A bit of an OT comment here:
As is common in every RTOS thread I read here, there are a number of users trying to explain RTOS to people that jump to the conclusion that an RTOS is a magic bullet to make everything real time. It is not. You can still develop bad code that performs nowhere in real time on an RTOS.
However, in the right hands, an RTOS can be a very powerful tool to help a decent programmer develop complex applications that execute with predictable performance (which is really what RT implies) without using complicated patterns. Essentially, the RTOS is a framework for this and imho should be seen as that. Everything else they may (or may not) provide is just convenience.
It's all about perspective! I thought you just wrote total BS and was about to write a "someone's wrong on the internet!" style reply, but then again, from a certain perspective, what you wrote makes perfect sense.

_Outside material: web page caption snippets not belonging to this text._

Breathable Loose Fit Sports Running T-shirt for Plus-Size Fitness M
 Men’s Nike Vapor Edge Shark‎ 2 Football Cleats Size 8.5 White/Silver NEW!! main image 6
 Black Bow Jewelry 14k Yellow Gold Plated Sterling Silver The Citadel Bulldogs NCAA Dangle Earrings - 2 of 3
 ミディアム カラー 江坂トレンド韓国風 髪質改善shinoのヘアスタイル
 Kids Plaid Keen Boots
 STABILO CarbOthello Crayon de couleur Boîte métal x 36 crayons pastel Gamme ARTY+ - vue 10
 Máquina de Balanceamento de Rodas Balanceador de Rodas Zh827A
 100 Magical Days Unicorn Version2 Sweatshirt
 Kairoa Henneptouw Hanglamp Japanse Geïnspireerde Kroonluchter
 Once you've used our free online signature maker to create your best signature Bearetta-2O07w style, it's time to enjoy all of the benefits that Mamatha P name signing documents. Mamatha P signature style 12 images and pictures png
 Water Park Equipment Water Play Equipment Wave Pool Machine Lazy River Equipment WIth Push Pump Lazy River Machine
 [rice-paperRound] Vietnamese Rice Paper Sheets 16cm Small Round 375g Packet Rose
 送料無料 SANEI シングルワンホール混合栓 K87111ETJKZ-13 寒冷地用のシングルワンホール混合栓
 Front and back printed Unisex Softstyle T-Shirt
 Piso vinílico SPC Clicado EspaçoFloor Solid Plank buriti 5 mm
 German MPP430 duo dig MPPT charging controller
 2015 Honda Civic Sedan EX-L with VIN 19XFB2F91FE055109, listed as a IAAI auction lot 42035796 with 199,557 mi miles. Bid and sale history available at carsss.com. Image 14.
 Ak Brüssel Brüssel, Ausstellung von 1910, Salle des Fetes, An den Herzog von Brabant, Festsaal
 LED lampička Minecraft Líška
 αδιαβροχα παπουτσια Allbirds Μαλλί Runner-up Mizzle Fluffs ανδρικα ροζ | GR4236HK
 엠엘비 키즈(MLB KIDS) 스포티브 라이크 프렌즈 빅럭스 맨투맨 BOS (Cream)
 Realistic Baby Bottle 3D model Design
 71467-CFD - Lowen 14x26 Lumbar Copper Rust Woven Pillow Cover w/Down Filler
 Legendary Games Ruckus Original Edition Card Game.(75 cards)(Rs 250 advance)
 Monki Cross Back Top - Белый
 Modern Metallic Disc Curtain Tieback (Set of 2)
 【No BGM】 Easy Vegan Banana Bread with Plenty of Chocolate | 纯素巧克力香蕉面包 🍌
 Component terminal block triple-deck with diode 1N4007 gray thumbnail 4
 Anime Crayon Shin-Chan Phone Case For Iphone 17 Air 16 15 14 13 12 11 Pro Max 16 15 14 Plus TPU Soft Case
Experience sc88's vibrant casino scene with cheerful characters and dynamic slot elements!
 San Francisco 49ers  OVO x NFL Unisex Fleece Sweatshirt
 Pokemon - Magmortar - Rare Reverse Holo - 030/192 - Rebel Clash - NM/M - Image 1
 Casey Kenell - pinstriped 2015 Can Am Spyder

RT is a qualifier for the OS part! I can't stress this enough.
Like a red hammer. You need something red. A bucket of red paint is most flexible and efficient way to get most of the redness. This is bare metal. But you might be used to hammers, and frankly, hammers have many advantages. But a normal hammer can't do because you need red. So red hammer it is!
In level of realtime-ness:
worse <--> better
OS - RTOS - bare metal
This is where inexperienced people get confused. They think RTOS is key for real time things. It's true for Windows software developer, and complete opposite to someone who has written code for PIC.
If what you are used to is linux or BSD, RTOS will be total magic of being able to do timing critical things!
If you are used to write bare metal microcontroller code and are fluent writing interrupt based designs, using an RTOS will only make it perform worse, timing-wise, adding timing bloat and delays, and reducing the control you have.
The key is, RTOS is
good enough for most real-time MCU applications,
and it is an OS. The latter is the reason it is used. The RT part is just the "not THAT bad" qualifier.
Hope this helps people who struggle with the general idea.